Speaking to Belfast Telegraph, former Assistant Chief Constable Alan McQuillan said some are "hitching themselves to the Brexit bandwagon" to stoke trouble.
McQuillian's warning came following a car bomb explosion in Londonderry on Jan. 20, the local police blamed on a dissident group called the New IRA.
Former PSNI chief Hugh Orde also warned that "dissident republicans would view a hard border as an opportunity to mount further attacks," according to the Belfast Telegraph.
The warnings followed reports that British intelligence service MI5 has stationed more than 700 officers in Belfast as part of an intelligence operation to combat the growing threat and mainly the New IRA group.
McQuillan underlined that the hardliners remain a threat despite the sustained security push by police and intelligence services.
"The reality is they are always dangerous and they will use fears over a hard border to try and ramp up their activities," he said.
"The dissidents are hitching themselves to the Brexit bandwagon."
"I think there will be further attacks, I think they remain dangerous," he warned.
"But I don't think they'll succeed," he added.
McQuillan said: "They're destroying the lives of Derry [Londonderry] people. Let's be honest, it's not damaging people in Dublin or London."
He described the New IRA as "utterly, utterly reckless".
Formed in 2012 by a merger of the Real IRA, which carried out the 1998 Omagh bombing, splinter groups and individuals, the New IRA is thought to be behind the last week's attack.
A car bomb had killed 29 people, including a pregnant woman with twins, and injured more than 200 others in Omagh, Northern Ireland in August 1998 in the deadliest attack in The Troubles era.
Londonderry — known as Derry by its majority Irish nationalist population — is a city known for its violent past due to sectarian violence, known as The Troubles.
The town was the scene of an infamous massacre in January 1972 when members of Britain's elite Parachute Regiment shot 27 unarmed people in a civil rights protest.
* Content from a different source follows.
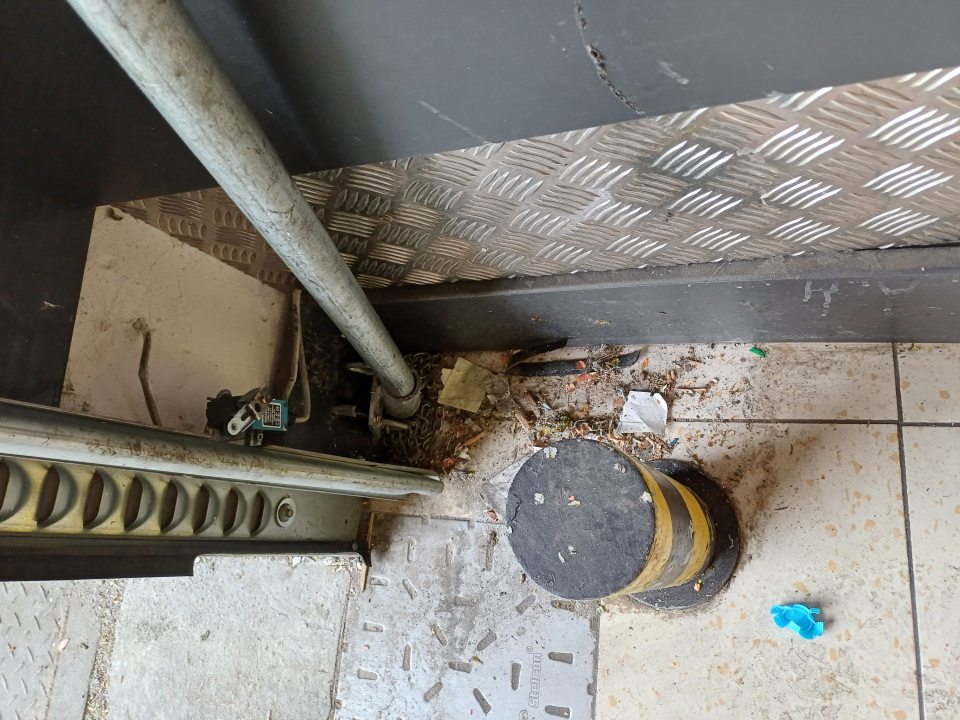 Podlaha v priestore príjmu a prísunu tovaru bola silne znečistená mechanickými nečistotami a prachom.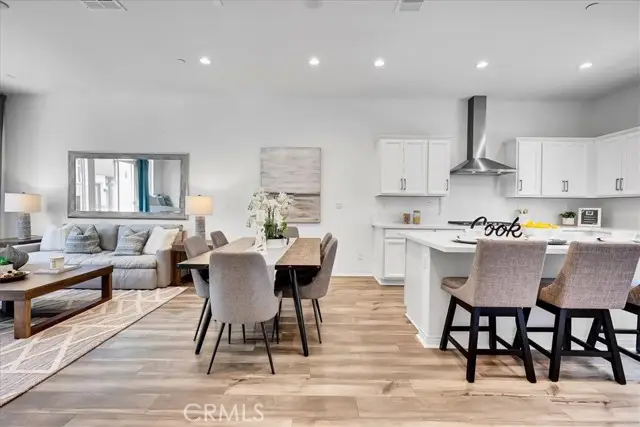 168 Sawbuck, Irvine, CA 92618 - Image #3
Fourteen of the victims later died.
The killings hastened Northern Ireland's descent into conflict between the British government and pro-British paramilitaries on one side and Irish republicans and nationalists on the other and the city remained as a scene of terrorist acts until 1998.
The IRA and the Ulster Defence Association (UDA) were two armed groups which terrorized Northern Ireland's Catholic and Protestant communities by launching attacks during The Troubles.
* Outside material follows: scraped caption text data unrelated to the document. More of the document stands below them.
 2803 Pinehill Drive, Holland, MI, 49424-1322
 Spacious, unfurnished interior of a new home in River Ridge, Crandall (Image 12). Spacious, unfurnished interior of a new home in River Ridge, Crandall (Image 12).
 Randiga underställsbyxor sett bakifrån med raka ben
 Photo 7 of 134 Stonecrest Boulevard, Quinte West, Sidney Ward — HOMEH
The 1998 Belfast Agreement-a peace deal dubbed the Good Friday agreement — largely saw the end of Troubles-era violence in which more than 3,500 people lost their lives.
The border between Northern Ireland and the Irish Republic has been one of the thorniest issues in Brexit negotiations between the U.K. and the EU.
A deal reached by British Prime Minister Theresa May and EU officials had a backstop clause-a U.K.-wide arrangement that would keep the country in line with the EU customs in a bid to avoid the return of hard border-however, the deal was rejected by the House of Commons in a vote held on Jan. 15.
The border at the moment is invisible, and people, goods and services can travel through it freely. But as the U.K. leaves the EU without a deal, the border, technically, will need some sort of checks.
Due to the sensitive nature of the region and because free passage is one of the crucial articles of the 1998 Belfast Agreement, the U.K., EU, Northern Ireland and Ireland all reject the idea of returning to a hard border where checkpoints and customs buildings will need to be installed.
However, based on the recent political developments in Westminster, Ireland, the U.K. and the EU are reviewing contingency plans for a scenario that would introduce a hard border in the region.
Northern Ireland voted to remain in the EU in 2016 referendum, and it is feared that the Brexit process could trigger enmities in the region.
The U.K. will leave the EU on March 29, 2019, unless British lawmakers alter this date in a vote.